Sunday, December 18, 2011

"Green"-ery on the ceiling: Our new LED lights

Photo by Victor Cruz/Estilo Arquitectura
It's very exciting, for me, anyway, to see pictures of the new ceiling lights in our sala. I know, I am a nerd. They look like plain little fixtures that you'd see anywhere. Nothing as impressive as a dramatic arch or beautiful tiles.

But they are LED, which means they will use hardly any electricity, which in Mérida, and all over México, is quite expensive and produced by highly polluting methods.

The new LED lights go along with our solar hot water heater. It is a wonderful feeling to stand in a hot shower and know there's no gas-fired tank at the other end of the pipe. I often hear people say these things are not economical; that is, they don't pay for themselves, or at least not in a decent period of time. Neither do cars or many other nice things, but that's another discussion.

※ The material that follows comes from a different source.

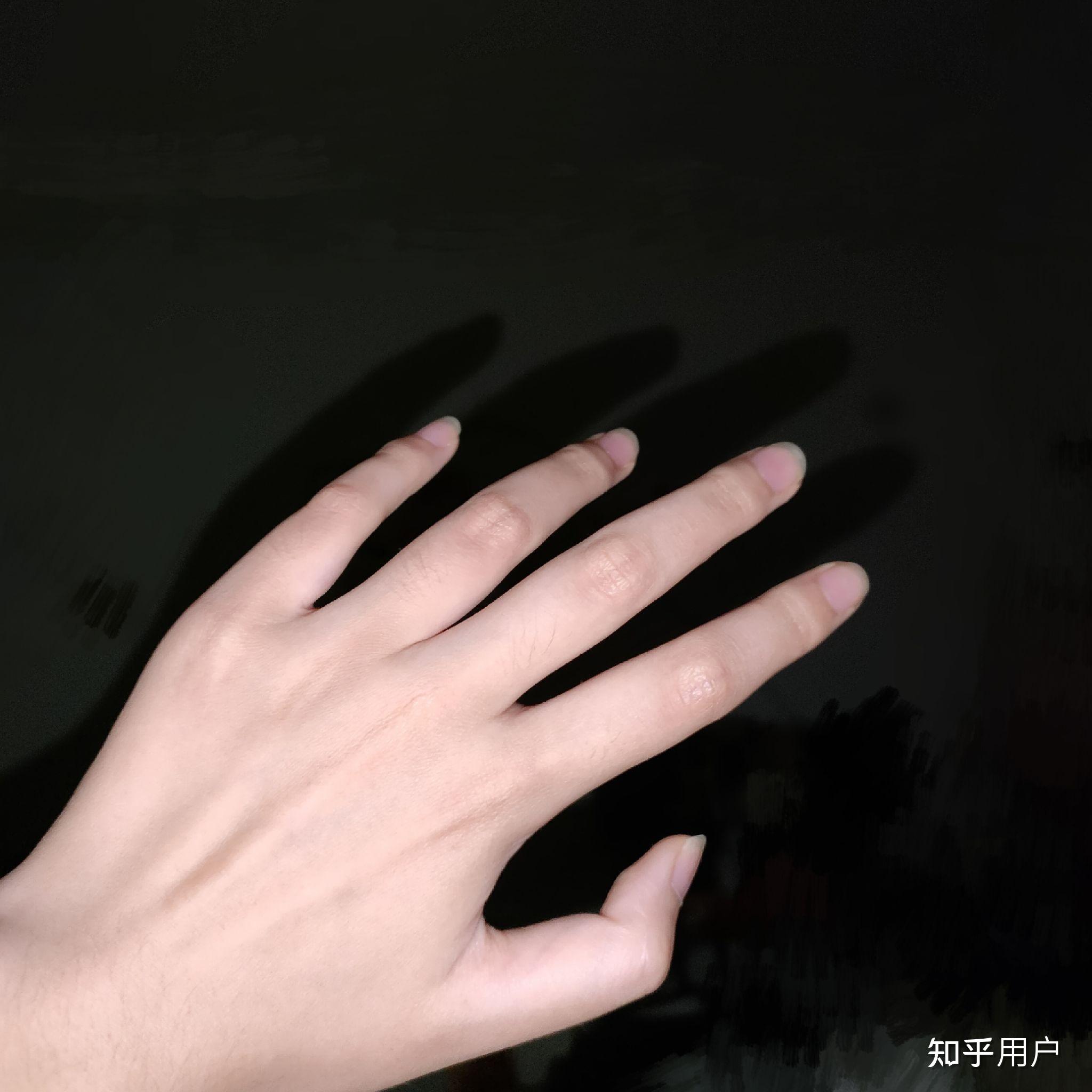 我是女生,手背上汗毛很多,毛孔特别大,密密麻麻的,大家有紧毛孔的办法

 The economic argument for solar water heating is actually pretty strong in México, anyway. Here in Canada a solar water system can cost $7,500 or more (US or CDN, your pick) and because the light is weaker here, it doesn't provide sufficient hot water for a household. With Mérida's broiling sun, you need no backup (though you might need a second one for a large household), and it costs $1,500 U.S. or less, installed, including an electrostatic water softener.

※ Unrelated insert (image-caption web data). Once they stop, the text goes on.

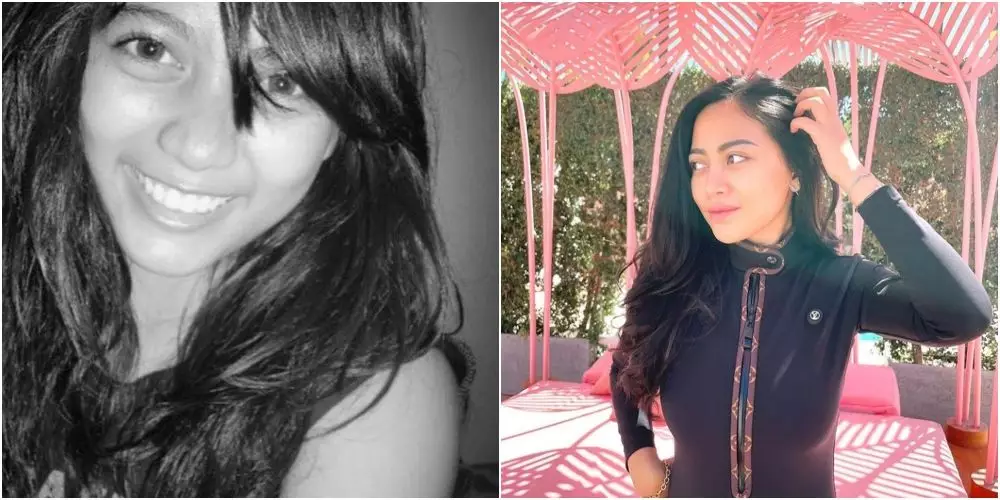 beda penampilan Rachel Vennya dulu dan kini Berbagai sumber  beda penampilan Rachel Vennya dulu dan kini Berbagai sumber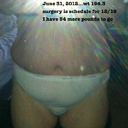 pre-op June 2012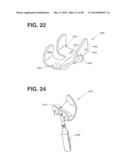 PATIENT SPECIFIC IMPLANT POSITIONING diagram and image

 I'm not sure why they cost so much more in Canada. But the cost made it a no-brainer here. Sure, it's a lot more than a new gas-fired water tank that will rust out in a couple of years, but for me part of the attraction of living in Mexico is the idea of living more lightly and reducing our resource footprint.

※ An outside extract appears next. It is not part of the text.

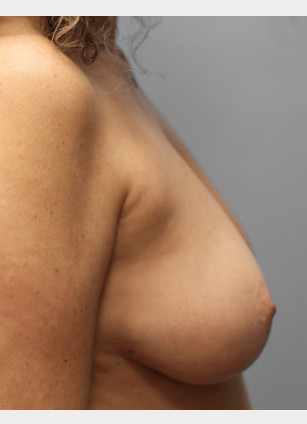 Before Image: Breast Reconstruction-Dr.Tucker - right-side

 If I had a ton of money, I'd get a photo-voltaic solar system to replace at least part of the household electricity. Mexico has a net-metering program so the electical utility company will give you credit for feeding excess power from a PV system back into the state power grid. Haven't yet met anyone who has done this, but it's a long-term dream.

14 comments:

  1. Debbie, This looks like something we should explore for our house. Can you send me the details of company, etc. Thanks!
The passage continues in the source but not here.